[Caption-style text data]
= Beginning of Section =

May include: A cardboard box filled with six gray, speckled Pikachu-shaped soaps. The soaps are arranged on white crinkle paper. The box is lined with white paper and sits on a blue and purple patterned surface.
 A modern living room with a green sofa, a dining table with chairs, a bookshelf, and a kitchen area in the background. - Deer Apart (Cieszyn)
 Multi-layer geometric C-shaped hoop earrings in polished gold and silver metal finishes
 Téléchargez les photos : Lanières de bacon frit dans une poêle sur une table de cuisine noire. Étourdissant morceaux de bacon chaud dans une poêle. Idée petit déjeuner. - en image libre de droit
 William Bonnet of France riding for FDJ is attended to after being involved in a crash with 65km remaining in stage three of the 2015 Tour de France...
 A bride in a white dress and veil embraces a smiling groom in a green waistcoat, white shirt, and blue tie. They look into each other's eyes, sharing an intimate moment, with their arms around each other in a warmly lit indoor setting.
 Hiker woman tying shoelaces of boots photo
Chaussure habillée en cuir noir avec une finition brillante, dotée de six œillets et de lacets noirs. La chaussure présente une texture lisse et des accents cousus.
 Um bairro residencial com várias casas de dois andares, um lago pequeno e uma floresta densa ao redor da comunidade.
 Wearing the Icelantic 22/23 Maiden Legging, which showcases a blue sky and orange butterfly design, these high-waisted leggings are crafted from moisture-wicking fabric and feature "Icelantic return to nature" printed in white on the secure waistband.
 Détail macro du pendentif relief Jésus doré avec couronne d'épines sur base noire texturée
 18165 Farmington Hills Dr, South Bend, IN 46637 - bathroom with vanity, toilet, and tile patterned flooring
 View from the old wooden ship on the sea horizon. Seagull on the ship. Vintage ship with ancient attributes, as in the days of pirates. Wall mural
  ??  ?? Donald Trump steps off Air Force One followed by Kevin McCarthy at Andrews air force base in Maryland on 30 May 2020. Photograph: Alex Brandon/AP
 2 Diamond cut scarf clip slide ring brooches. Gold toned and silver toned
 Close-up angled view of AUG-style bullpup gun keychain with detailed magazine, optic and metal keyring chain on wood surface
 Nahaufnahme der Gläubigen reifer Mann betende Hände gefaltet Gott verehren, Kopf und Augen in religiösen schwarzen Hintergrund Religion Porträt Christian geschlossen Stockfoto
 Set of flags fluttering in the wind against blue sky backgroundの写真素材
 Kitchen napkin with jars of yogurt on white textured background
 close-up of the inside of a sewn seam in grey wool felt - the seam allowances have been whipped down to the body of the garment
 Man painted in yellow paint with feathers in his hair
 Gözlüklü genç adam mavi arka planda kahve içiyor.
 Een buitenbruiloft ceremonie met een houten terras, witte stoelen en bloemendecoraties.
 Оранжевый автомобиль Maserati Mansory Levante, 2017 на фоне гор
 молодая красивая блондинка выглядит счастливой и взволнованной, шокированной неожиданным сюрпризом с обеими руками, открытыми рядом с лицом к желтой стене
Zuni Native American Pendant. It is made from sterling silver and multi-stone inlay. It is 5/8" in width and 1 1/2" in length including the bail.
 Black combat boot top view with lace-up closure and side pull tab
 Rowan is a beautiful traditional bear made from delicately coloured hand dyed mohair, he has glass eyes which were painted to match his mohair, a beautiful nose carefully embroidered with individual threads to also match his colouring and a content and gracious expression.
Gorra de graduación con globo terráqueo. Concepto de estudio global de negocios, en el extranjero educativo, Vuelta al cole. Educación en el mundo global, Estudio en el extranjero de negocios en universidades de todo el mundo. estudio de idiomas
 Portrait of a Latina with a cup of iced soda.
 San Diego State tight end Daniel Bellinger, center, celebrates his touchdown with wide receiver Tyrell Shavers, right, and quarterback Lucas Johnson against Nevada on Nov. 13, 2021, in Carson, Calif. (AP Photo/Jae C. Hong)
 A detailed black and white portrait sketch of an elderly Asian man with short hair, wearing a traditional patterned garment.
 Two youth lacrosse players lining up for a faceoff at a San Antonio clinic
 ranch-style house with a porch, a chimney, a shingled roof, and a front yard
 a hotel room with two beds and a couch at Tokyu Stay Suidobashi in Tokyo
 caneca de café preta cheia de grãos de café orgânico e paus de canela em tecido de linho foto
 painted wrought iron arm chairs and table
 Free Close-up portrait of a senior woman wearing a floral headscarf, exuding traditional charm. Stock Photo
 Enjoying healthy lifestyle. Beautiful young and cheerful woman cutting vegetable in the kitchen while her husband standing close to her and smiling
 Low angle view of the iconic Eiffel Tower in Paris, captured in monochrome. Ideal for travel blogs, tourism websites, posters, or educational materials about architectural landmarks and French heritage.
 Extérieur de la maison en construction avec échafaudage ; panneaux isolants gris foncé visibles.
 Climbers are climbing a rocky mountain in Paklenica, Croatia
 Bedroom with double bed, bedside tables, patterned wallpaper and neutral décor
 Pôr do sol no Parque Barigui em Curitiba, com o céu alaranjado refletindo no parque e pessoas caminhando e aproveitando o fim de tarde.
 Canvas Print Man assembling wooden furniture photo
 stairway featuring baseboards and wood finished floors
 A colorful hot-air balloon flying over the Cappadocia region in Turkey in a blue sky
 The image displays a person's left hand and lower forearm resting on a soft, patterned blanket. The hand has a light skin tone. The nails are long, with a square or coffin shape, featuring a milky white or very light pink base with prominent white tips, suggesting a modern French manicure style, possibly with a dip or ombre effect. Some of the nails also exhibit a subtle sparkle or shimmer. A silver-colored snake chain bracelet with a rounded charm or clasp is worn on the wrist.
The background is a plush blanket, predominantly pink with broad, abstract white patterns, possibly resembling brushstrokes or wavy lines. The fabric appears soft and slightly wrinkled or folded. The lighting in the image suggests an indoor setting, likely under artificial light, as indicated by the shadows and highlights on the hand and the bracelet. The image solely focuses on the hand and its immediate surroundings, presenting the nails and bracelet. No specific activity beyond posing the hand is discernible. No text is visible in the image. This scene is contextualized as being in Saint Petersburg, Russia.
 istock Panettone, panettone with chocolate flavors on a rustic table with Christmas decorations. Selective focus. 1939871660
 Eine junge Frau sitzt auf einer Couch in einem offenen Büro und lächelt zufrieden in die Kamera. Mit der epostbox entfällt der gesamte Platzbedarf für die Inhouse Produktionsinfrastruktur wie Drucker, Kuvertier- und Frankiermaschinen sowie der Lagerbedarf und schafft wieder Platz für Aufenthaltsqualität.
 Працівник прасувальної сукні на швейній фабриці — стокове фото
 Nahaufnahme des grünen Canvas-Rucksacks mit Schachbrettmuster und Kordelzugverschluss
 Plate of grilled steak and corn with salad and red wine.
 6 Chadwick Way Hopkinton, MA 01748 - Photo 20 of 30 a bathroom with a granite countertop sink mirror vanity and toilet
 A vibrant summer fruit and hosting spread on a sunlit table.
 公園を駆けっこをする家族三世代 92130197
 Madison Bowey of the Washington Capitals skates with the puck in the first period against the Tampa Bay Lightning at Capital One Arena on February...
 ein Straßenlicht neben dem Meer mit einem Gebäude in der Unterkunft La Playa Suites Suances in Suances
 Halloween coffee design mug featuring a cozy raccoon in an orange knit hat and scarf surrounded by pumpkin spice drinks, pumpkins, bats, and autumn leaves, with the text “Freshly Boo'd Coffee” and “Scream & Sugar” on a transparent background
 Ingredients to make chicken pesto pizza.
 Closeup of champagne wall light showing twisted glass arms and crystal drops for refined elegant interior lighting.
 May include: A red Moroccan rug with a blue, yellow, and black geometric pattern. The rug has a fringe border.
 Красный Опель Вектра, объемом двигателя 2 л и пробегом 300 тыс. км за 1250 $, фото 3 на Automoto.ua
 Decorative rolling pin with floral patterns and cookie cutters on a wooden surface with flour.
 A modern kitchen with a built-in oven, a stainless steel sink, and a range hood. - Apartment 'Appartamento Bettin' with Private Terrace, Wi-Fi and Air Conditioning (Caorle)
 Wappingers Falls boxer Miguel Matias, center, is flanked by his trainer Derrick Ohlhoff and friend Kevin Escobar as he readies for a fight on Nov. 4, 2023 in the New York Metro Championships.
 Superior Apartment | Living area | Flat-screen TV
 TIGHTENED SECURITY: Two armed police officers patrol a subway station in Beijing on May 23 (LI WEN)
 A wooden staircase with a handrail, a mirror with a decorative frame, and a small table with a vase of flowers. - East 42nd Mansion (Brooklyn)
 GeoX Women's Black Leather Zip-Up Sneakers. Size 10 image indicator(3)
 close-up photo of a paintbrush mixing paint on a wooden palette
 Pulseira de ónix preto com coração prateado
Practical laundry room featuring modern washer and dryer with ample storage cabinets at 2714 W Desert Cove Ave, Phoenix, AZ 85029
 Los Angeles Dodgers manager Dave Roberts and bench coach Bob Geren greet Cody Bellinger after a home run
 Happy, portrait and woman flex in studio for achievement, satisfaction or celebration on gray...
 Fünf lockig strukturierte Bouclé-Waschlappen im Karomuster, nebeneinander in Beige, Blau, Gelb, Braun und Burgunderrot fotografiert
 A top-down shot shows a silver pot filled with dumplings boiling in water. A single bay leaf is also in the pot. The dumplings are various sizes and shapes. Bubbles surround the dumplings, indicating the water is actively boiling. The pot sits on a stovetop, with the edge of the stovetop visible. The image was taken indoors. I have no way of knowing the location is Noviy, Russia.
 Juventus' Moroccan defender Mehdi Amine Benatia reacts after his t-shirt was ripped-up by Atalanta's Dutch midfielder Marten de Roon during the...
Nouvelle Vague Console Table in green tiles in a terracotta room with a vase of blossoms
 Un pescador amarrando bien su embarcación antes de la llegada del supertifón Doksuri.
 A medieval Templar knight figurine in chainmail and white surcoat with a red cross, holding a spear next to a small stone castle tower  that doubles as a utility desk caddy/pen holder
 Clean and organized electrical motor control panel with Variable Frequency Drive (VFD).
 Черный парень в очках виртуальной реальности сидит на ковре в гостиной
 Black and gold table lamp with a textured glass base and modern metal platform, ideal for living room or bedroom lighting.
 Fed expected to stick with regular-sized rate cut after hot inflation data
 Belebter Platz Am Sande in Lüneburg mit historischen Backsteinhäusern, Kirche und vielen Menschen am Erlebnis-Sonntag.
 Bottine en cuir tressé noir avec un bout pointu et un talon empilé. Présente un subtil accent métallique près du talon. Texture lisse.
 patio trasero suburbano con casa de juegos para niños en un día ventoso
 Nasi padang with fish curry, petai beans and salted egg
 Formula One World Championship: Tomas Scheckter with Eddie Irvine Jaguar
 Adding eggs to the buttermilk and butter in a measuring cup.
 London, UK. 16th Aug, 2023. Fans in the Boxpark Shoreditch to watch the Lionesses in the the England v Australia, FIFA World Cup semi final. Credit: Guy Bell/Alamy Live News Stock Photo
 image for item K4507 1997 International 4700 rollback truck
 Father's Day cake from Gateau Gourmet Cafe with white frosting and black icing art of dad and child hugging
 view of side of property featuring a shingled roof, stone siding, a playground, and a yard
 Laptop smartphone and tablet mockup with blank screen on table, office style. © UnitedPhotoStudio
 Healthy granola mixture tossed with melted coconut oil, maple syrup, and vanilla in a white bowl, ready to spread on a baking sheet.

= End of Section =

● WHAT YOU NEED TO DO
Start with the line above that contains "TIGHTENED SECURITY: Two" and stop after the line that contains "Happy, portrait and". Output those lines exactly, and only those.

● RESPONSE TO THE EXERCISE
 TIGHTENED SECURITY: Two armed police officers patrol a subway station in Beijing on May 23 (LI WEN)
 A wooden staircase with a handrail, a mirror with a decorative frame, and a small table with a vase of flowers. - East 42nd Mansion (Brooklyn)
 GeoX Women's Black Leather Zip-Up Sneakers. Size 10 image indicator(3)
 close-up photo of a paintbrush mixing paint on a wooden palette
 Pulseira de ónix preto com coração prateado
Practical laundry room featuring modern washer and dryer with ample storage cabinets at 2714 W Desert Cove Ave, Phoenix, AZ 85029
 Los Angeles Dodgers manager Dave Roberts and bench coach Bob Geren greet Cody Bellinger after a home run
 Happy, portrait and woman flex in studio for achievement, satisfaction or celebration on gray...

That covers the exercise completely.